From the data underneath, reproduce exactly the stretch that begins at the line with "2-к квартира, вторичка, 45м2, 4/5 этаж" and ends after the line with "Kaiju Yi Zuo Shan Chapter 592 page 16".

--- Information given ---

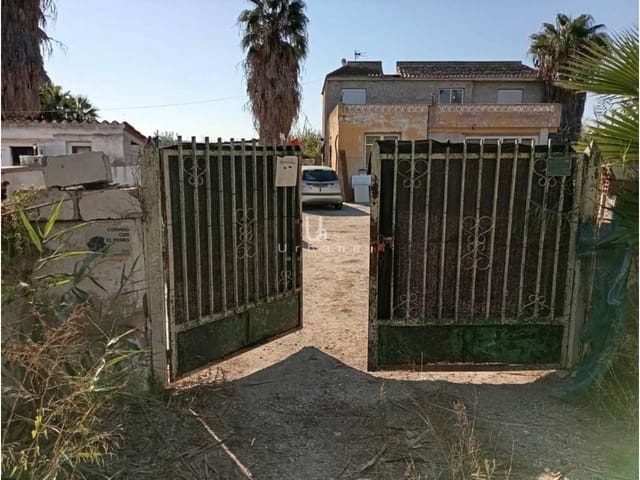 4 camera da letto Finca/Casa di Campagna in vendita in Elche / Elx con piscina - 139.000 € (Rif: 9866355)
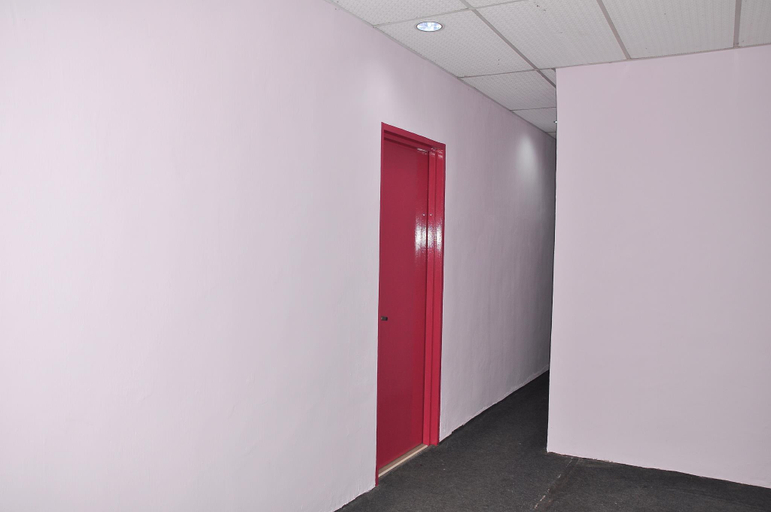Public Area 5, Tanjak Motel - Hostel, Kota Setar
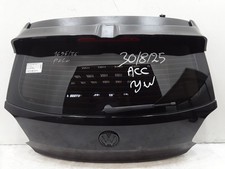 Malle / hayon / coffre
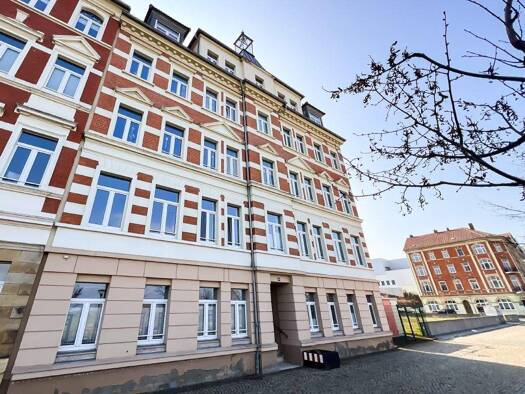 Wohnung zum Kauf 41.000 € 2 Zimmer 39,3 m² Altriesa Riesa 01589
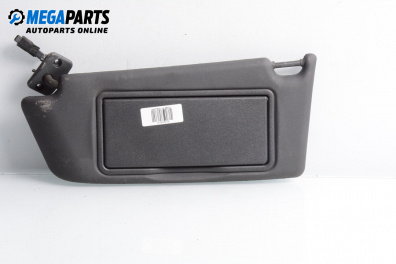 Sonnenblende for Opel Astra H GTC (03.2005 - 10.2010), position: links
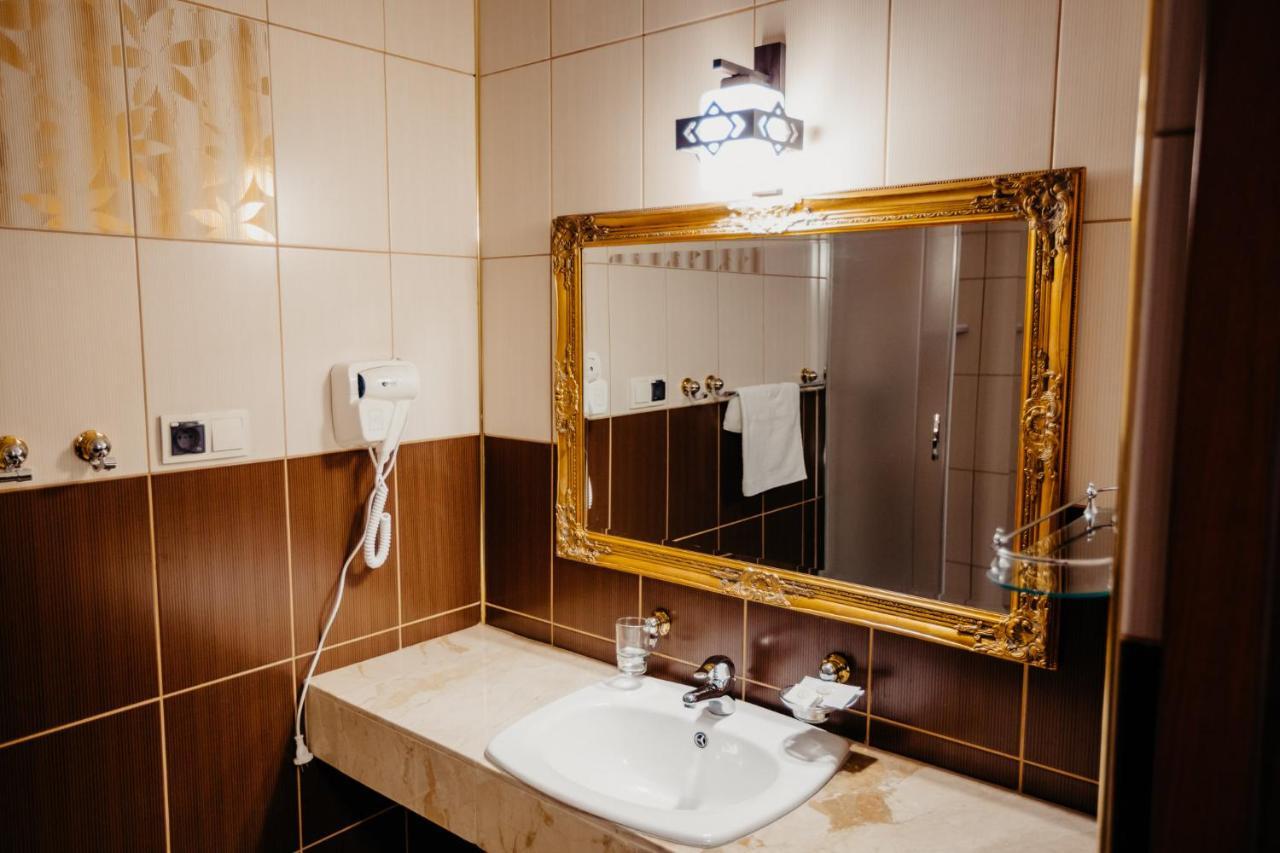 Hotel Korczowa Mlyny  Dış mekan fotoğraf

---
--- Information given ---

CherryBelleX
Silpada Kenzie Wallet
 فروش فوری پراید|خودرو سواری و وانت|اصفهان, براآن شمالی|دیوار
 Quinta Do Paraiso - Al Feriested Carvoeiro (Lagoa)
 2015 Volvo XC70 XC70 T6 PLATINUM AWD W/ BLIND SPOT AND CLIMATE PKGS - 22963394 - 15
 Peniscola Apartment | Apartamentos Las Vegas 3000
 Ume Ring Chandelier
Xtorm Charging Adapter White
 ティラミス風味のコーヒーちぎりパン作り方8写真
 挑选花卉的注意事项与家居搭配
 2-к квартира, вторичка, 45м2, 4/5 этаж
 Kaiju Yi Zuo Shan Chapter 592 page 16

---

#### [Result for this task]
 2-к квартира, вторичка, 45м2, 4/5 этаж
 Kaiju Yi Zuo Shan Chapter 592 page 16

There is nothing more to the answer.